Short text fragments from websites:

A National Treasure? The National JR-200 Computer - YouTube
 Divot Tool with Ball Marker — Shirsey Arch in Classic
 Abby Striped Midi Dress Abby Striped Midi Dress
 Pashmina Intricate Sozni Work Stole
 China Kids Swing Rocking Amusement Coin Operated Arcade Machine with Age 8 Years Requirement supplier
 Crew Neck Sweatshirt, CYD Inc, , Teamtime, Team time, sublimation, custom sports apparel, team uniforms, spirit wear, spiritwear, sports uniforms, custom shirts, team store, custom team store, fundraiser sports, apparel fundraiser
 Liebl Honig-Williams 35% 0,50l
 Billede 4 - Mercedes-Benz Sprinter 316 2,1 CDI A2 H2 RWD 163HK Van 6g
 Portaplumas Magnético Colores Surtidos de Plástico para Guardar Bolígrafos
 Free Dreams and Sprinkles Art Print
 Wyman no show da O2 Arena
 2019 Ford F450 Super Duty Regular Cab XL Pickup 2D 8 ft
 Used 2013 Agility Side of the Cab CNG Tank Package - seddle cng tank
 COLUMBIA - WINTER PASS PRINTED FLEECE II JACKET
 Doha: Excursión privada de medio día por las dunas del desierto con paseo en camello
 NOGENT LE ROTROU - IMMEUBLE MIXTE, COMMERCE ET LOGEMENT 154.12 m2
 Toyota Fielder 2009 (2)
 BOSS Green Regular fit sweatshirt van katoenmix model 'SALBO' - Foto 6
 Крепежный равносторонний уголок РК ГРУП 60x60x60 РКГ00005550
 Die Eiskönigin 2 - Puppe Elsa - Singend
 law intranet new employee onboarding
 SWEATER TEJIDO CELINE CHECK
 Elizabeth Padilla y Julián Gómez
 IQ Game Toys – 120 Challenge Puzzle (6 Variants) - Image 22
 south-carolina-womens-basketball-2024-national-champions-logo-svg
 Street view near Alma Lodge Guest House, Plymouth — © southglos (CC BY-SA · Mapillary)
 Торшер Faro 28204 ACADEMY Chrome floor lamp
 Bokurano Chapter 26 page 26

PROMPT
Write down every line of the data above that includes the string "Regular".

SOLUTION TO THE PROBLEM
 2019 Ford F450 Super Duty Regular Cab XL Pickup 2D 8 ft
 BOSS Green Regular fit sweatshirt van katoenmix model 'SALBO' - Foto 6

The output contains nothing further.